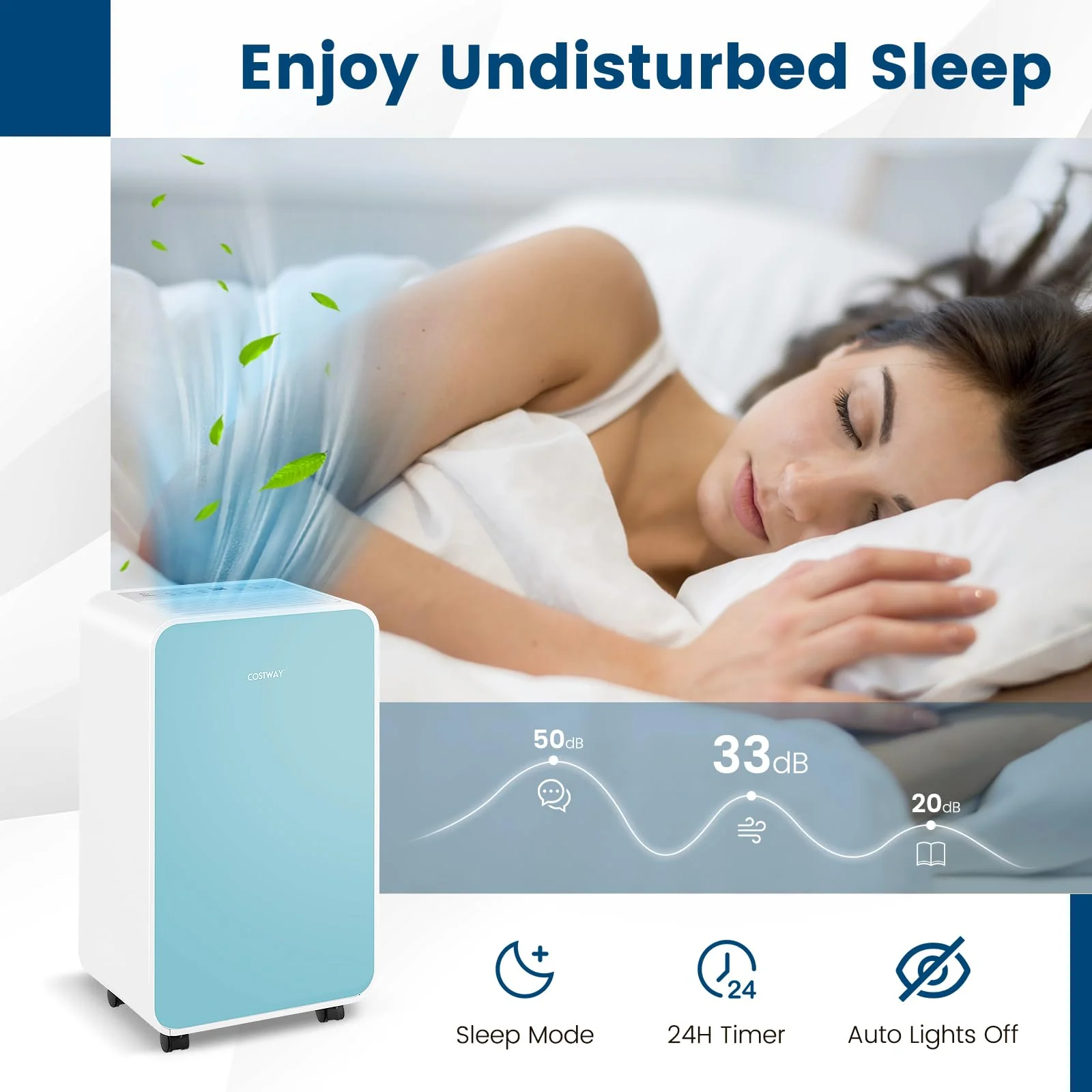 32 Pints/Day Portable Quiet Dehumidifier for Rooms up to 2500 Sq. Ft w/ Sleep Mode, 24H Timer - Image 8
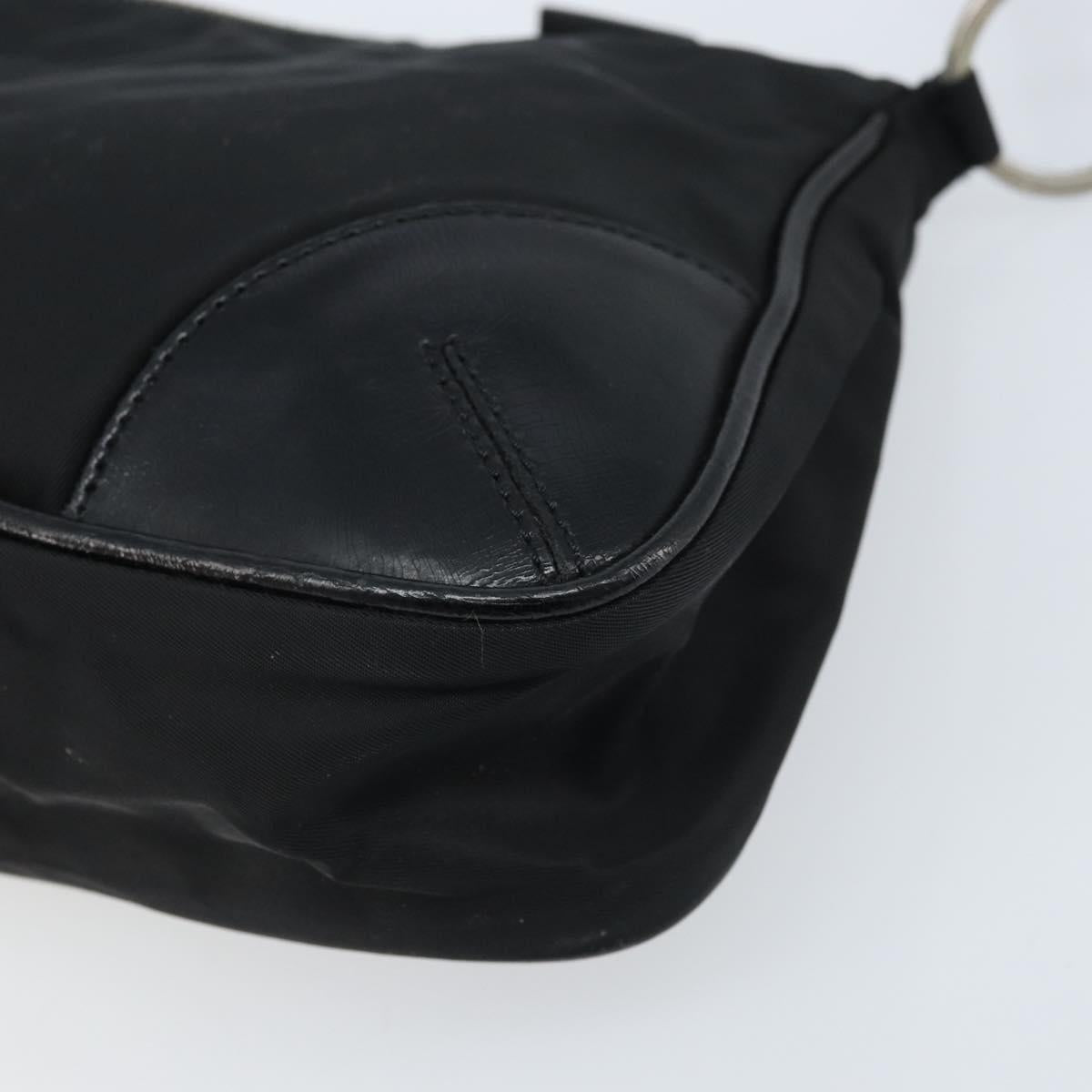 PRADA Shoulder Bag Nylon Black Silver Auth ep13433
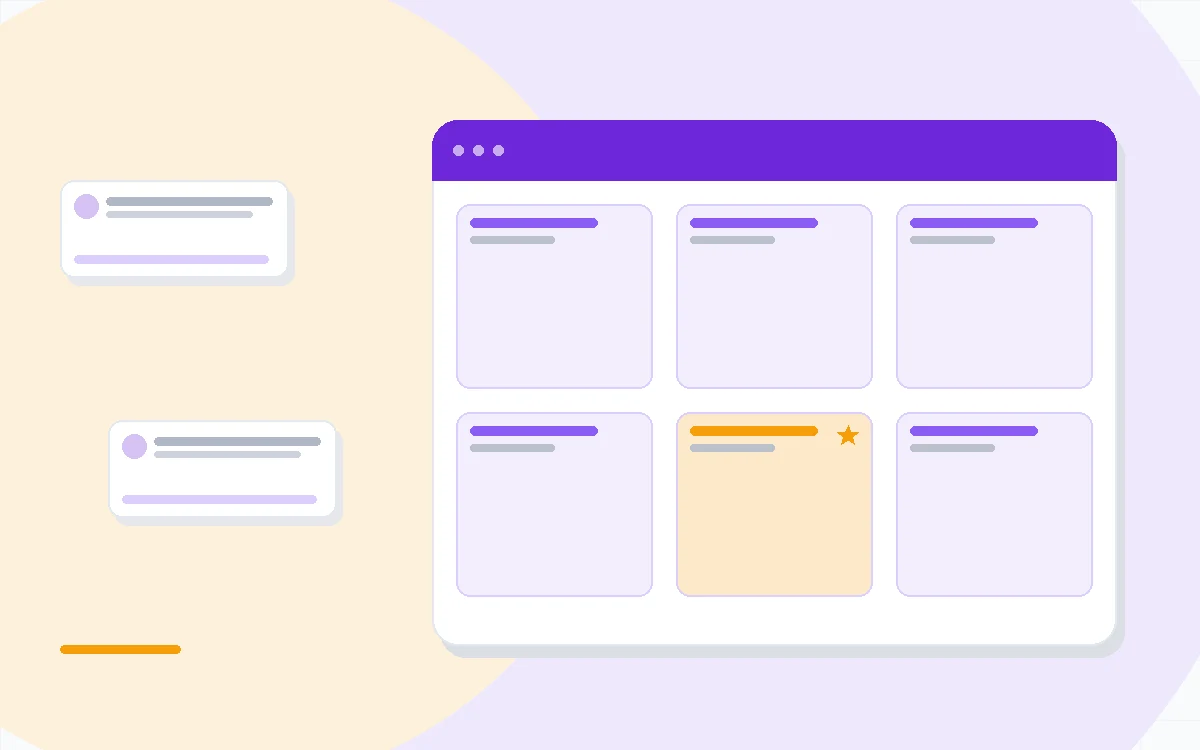 Flat illustration of an AI assistant chat bubble searching through layered workspace documents, deep blue and amber palette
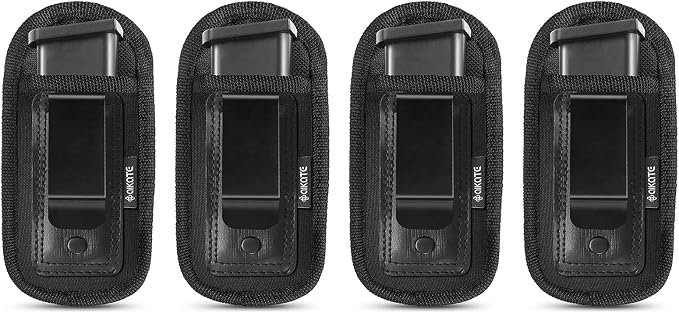 2 Pack Universal Magazine IWB Pouch Concealed Carry 9mm .40 .45 .380 .357, Mag Holster for S&W M&P Sig Sauer Ruger Glock, Handgun Ammo Gun Ammunition Holsters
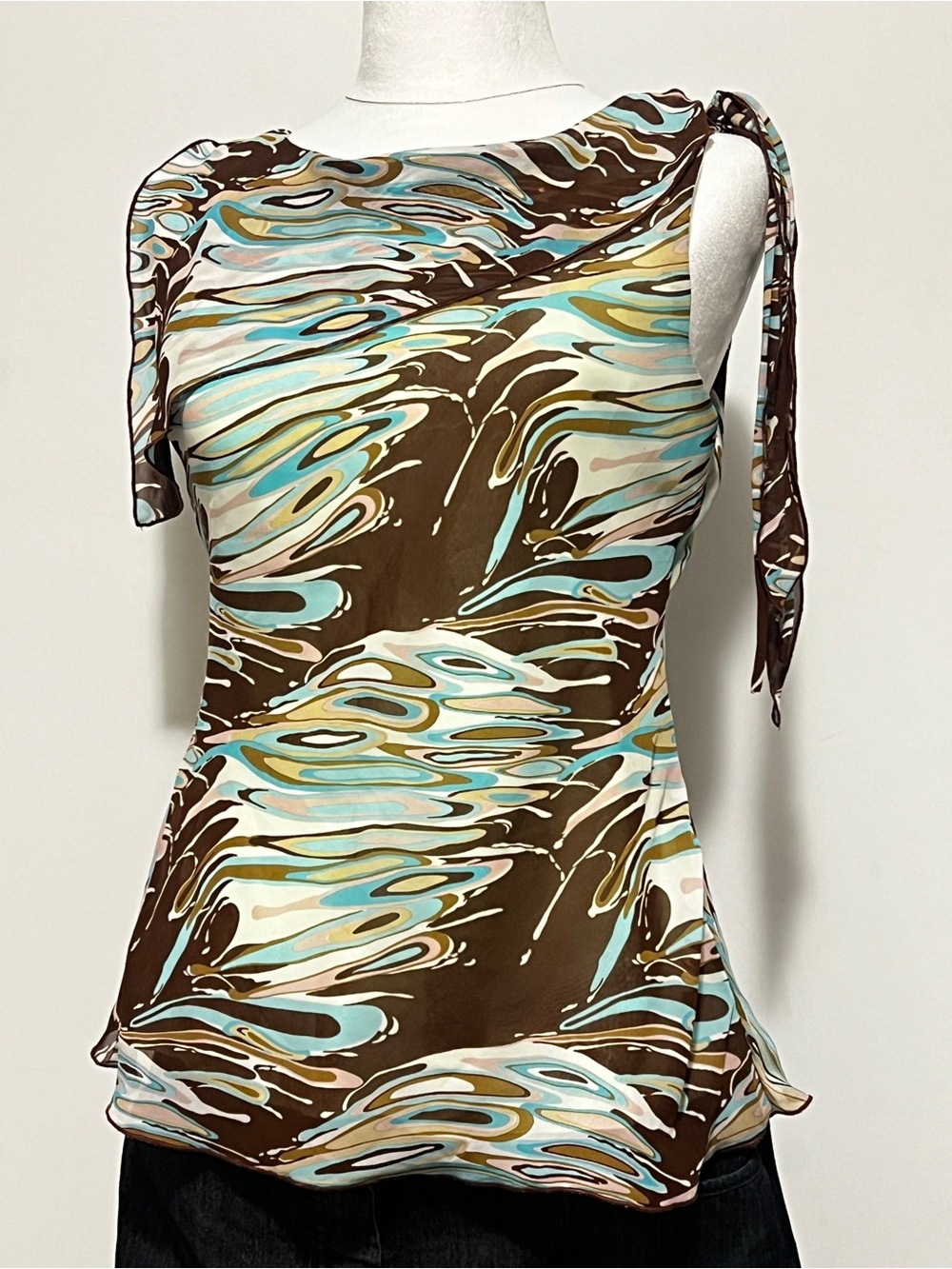 Abella Aqua & Brown Abstract Wave-Print Tie-Strap top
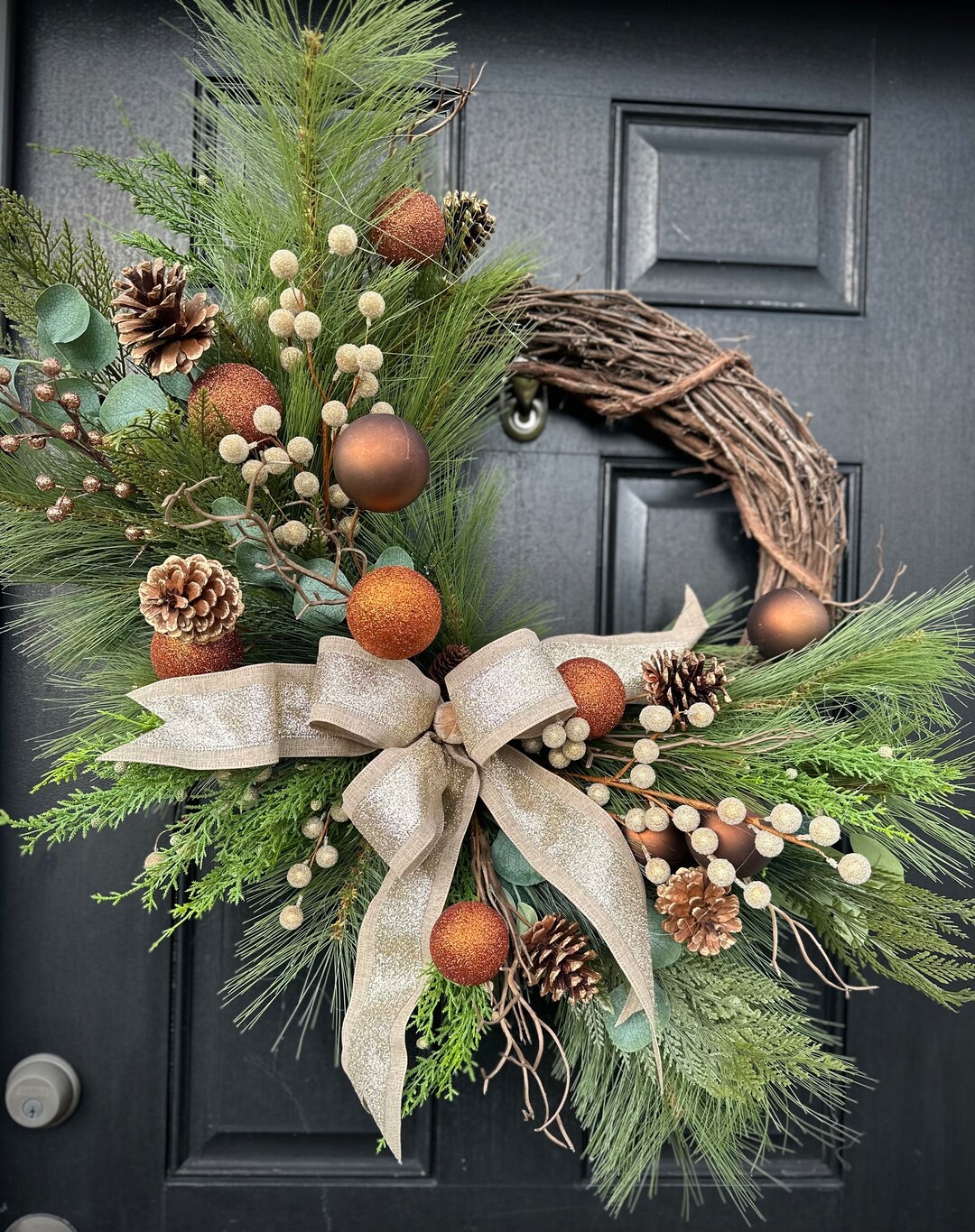 Luxurious Winter Wreaths With Bronze and Copper Ornaments, Christmas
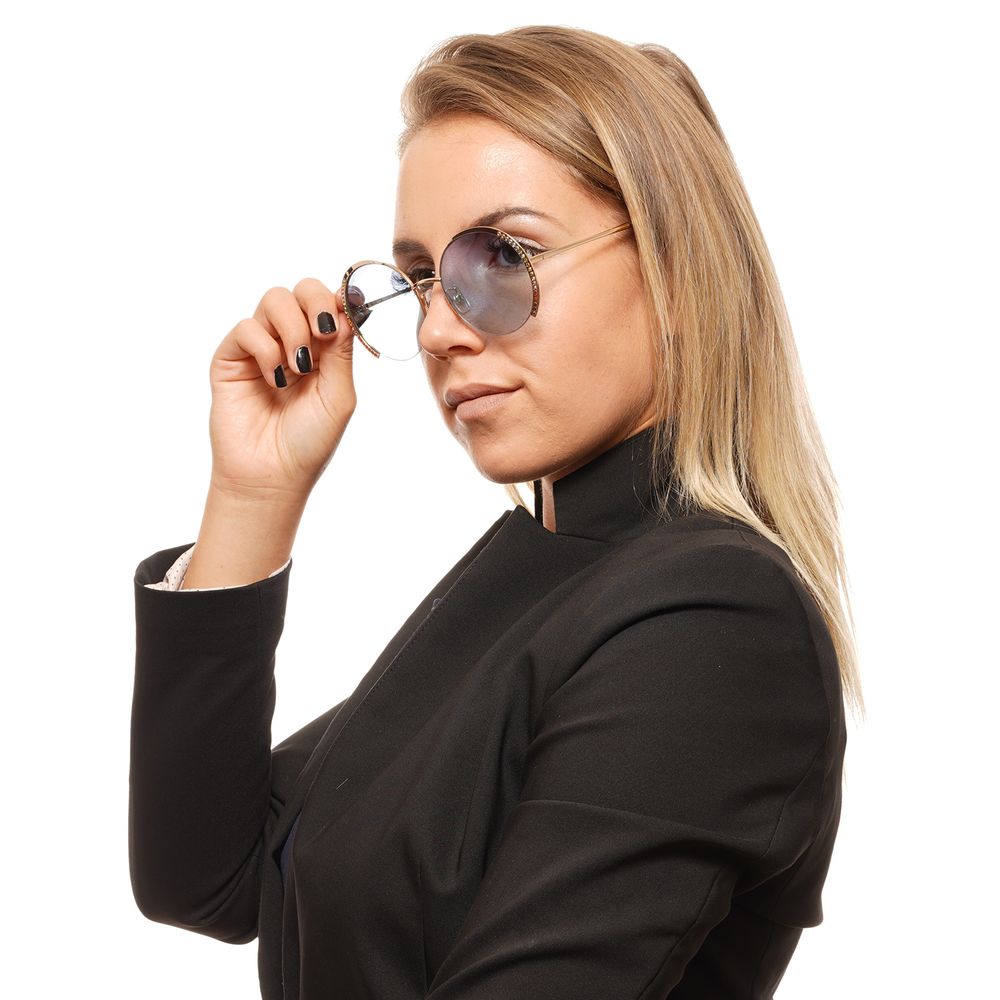 نظارة شمسية نسائية من سواروفسكي باللون الذهبي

### [DIRECTIONS FOR THIS TASK]
Reproduce nothing but the lines running from the line with "Abella Aqua &" through the end of the records, keeping both end lines and dropping the pictures.

### [EXERCISE ANSWER]
 Abella Aqua & Brown Abstract Wave-Print Tie-Strap top
 Luxurious Winter Wreaths With Bronze and Copper Ornaments, Christmas
 نظارة شمسية نسائية من سواروفسكي باللون الذهبي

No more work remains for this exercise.